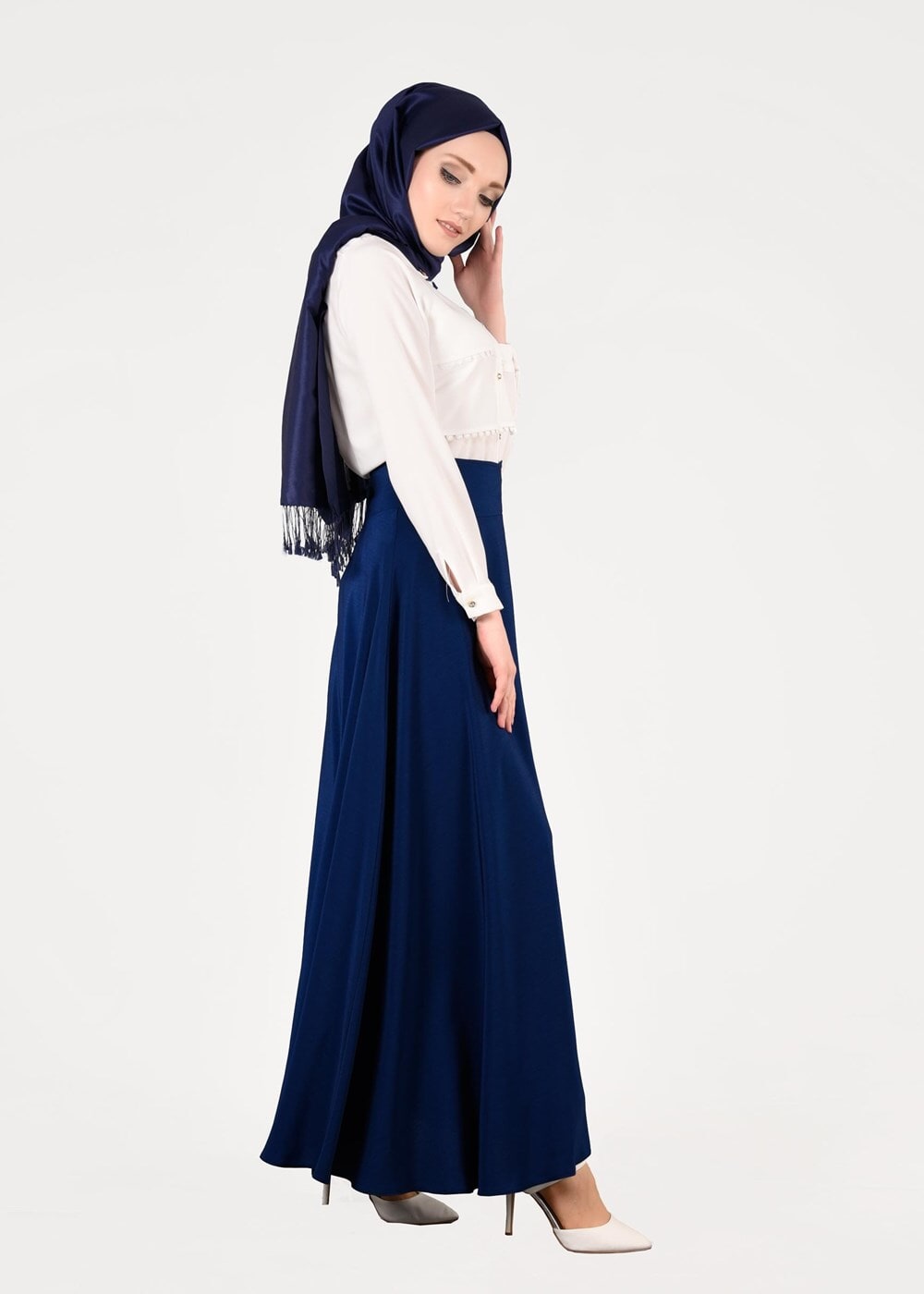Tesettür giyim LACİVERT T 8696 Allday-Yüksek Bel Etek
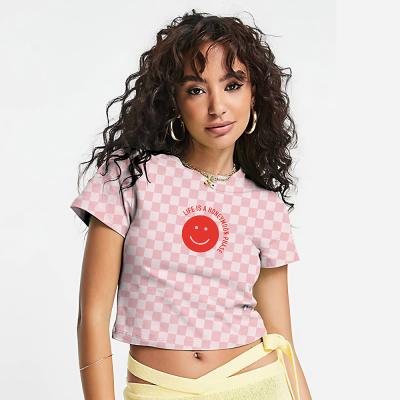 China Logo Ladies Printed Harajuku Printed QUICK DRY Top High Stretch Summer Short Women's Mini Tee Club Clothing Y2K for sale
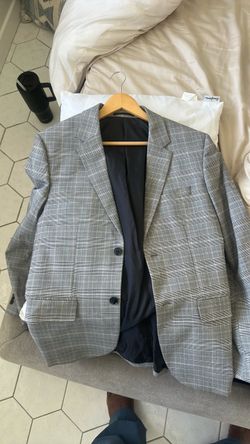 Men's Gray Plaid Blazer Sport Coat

------------------------------

■ **Assignment**
Repeat the data exactly, dropping every picture it holds.

■ **Solved exercise**
Tesettür giyim LACİVERT T 8696 Allday-Yüksek Bel Etek
 China Logo Ladies Printed Harajuku Printed QUICK DRY Top High Stretch Summer Short Women's Mini Tee Club Clothing Y2K for sale
 Men's Gray Plaid Blazer Sport Coat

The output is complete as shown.